[WORK ORDER]
Please write out every entry below exactly, leaving out any pictures.

[Brief descriptive captions]
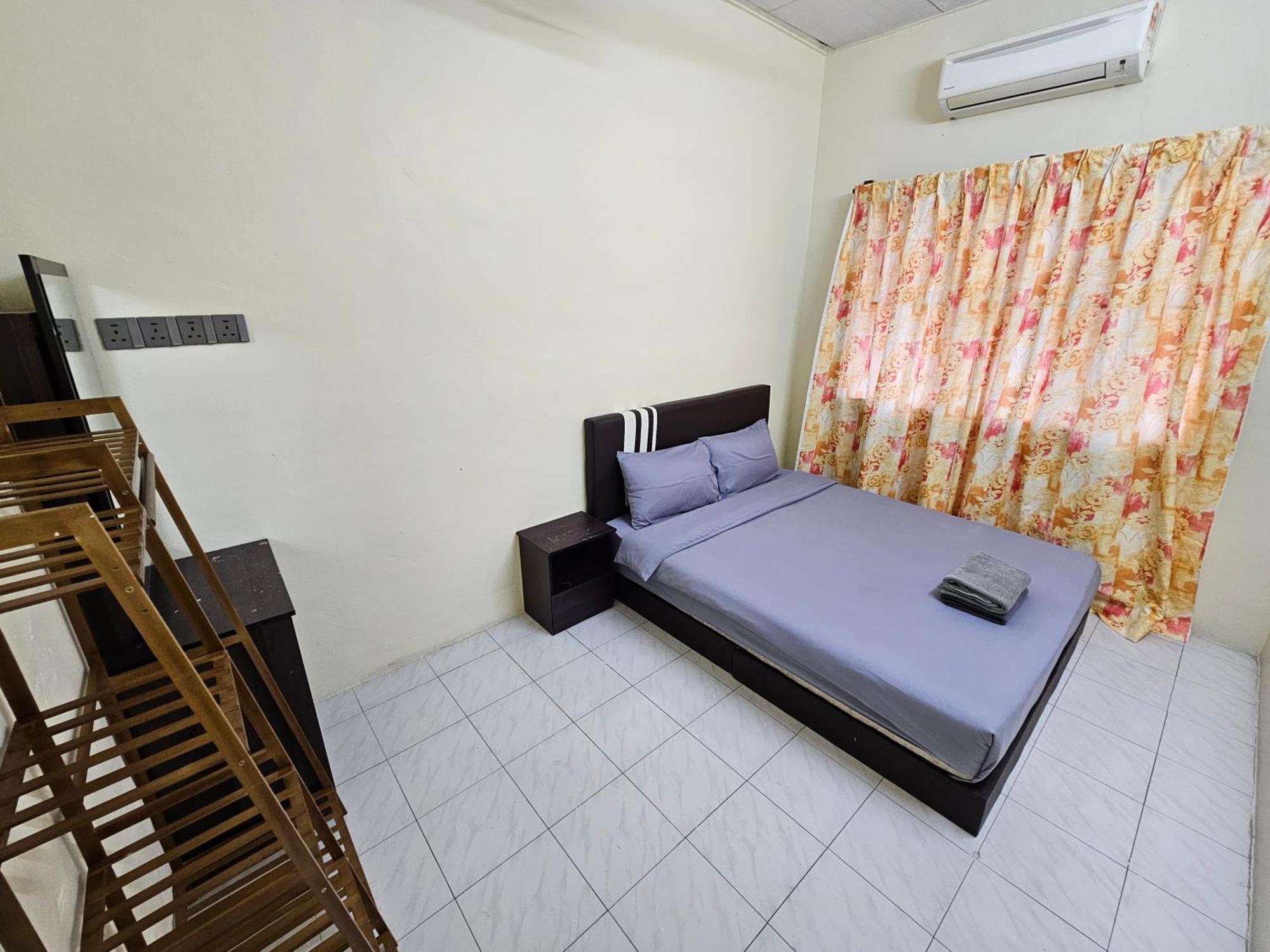 Flower Homestay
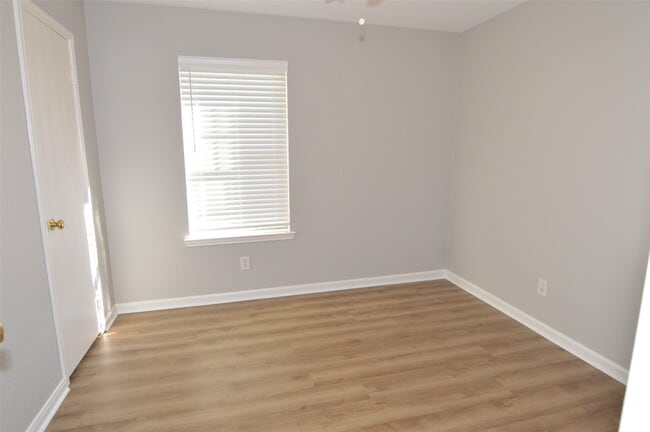 Building Photo - 24322 Bar Kay Ln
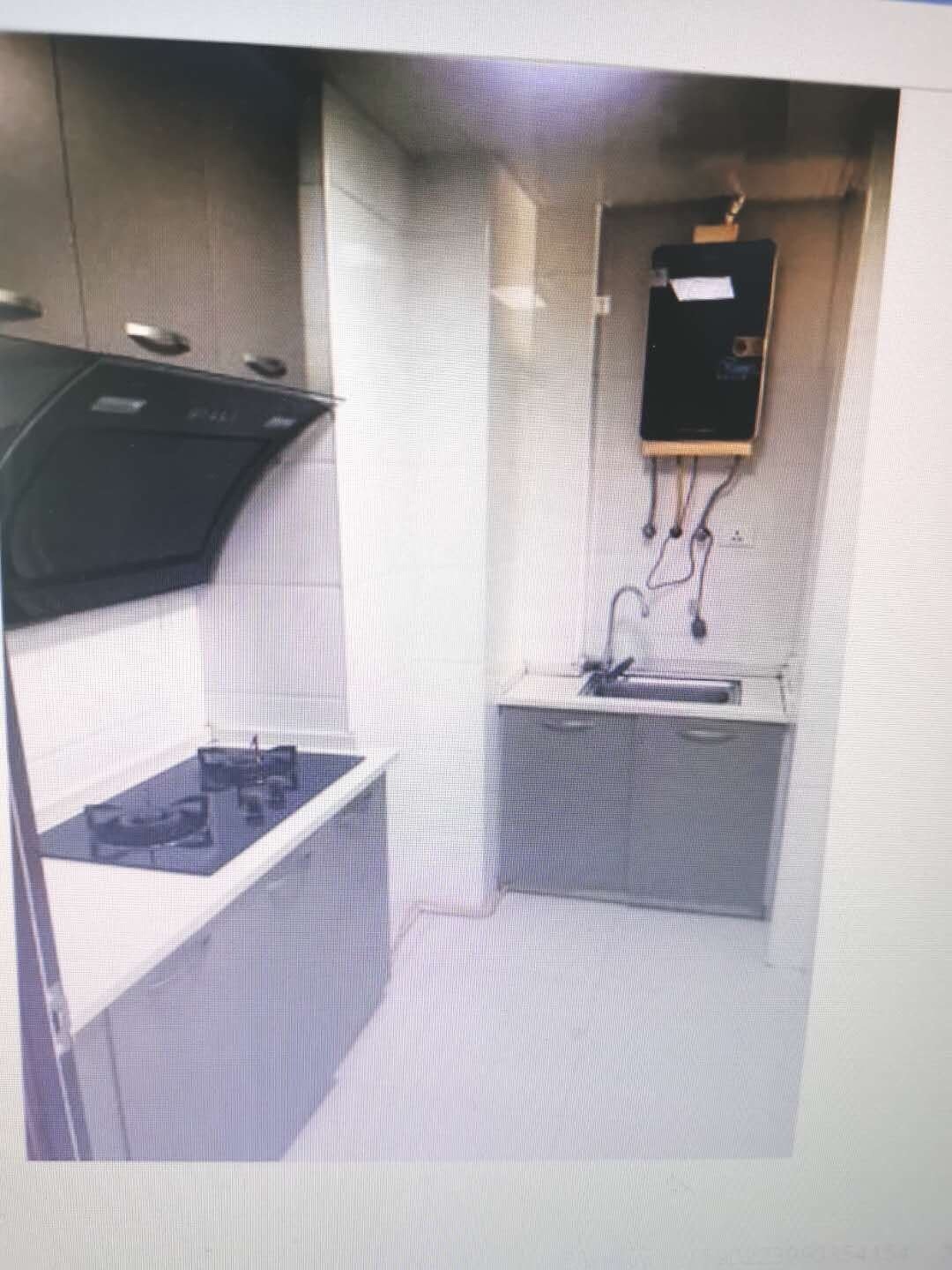 一中对面上苑一品2室2厅1卫精装修家具家电全配！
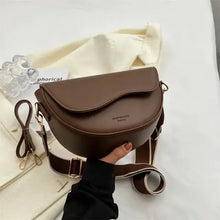 Cargar imagen en el visor de la galería, Alt Tag: Small leather chain shoulder bag with elegant design and compact storage, featuring timeless leather craftsmanship.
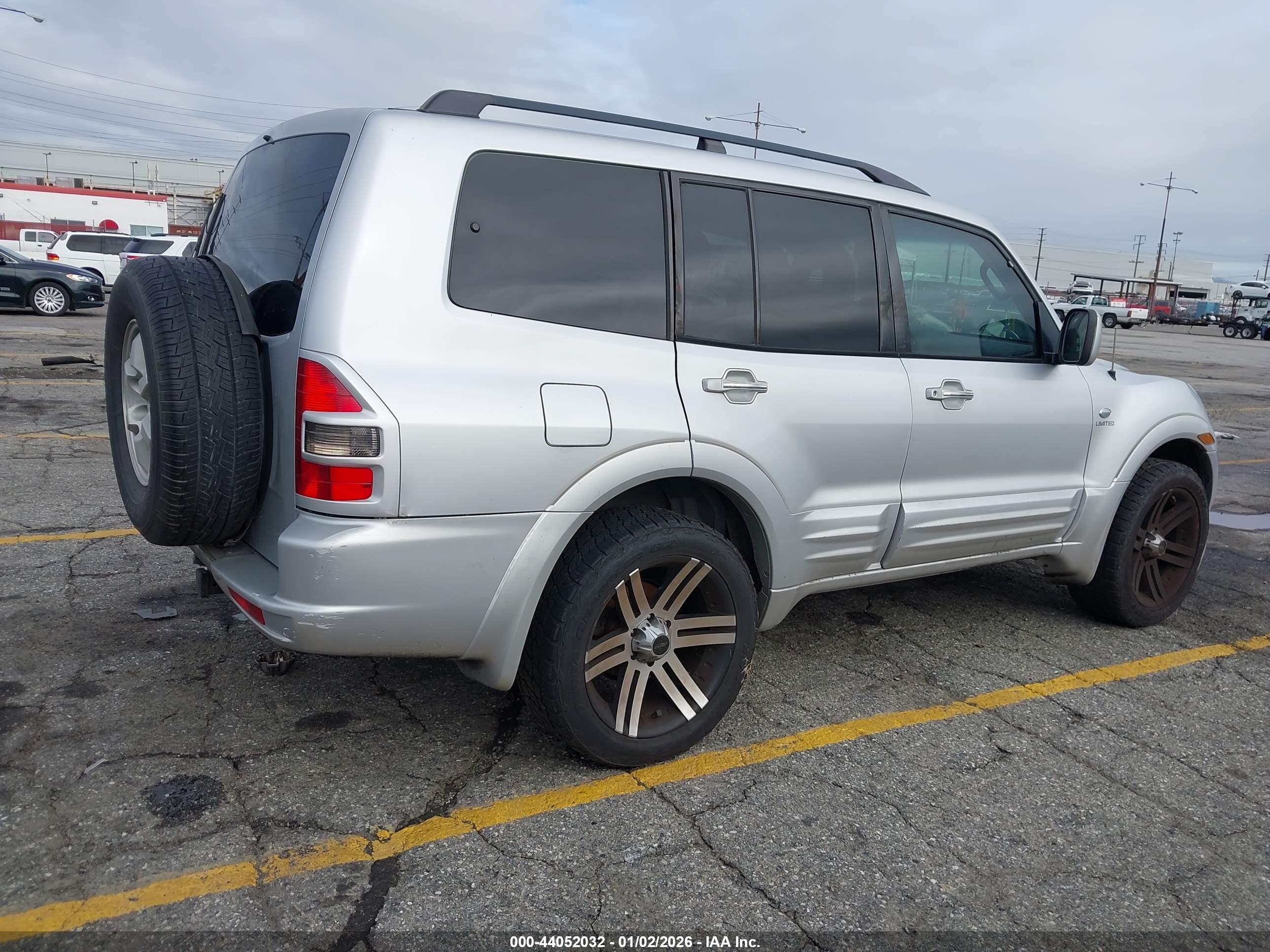 MITSUBISHI MONTERO image 4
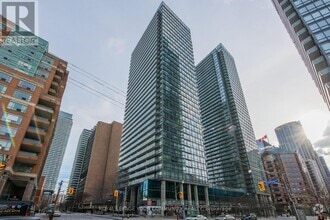 Building Photo - 37-2537 Grosvenor St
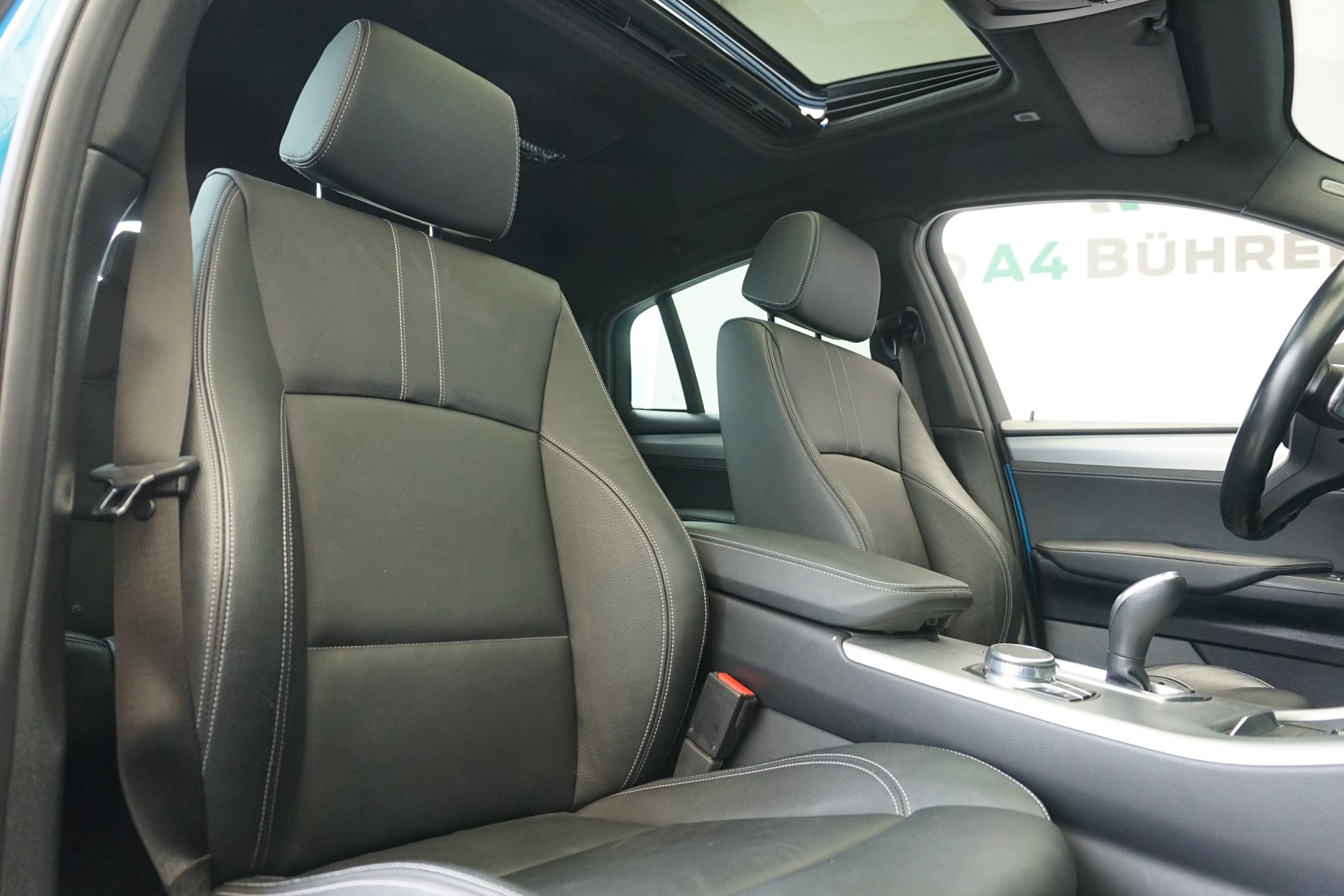 BMW X4 M 40i 360 PS xDrive 100% BENZINER !!-image-17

[EXERCISE SOLUTION]
 Flower Homestay
 Building Photo - 24322 Bar Kay Ln
 一中对面上苑一品2室2厅1卫精装修家具家电全配！
 Cargar imagen en el visor de la galería, Alt Tag: Small leather chain shoulder bag with elegant design and compact storage, featuring timeless leather craftsmanship.
 MITSUBISHI MONTERO image 4
 Building Photo - 37-2537 Grosvenor St
 BMW X4 M 40i 360 PS xDrive 100% BENZINER !!-image-17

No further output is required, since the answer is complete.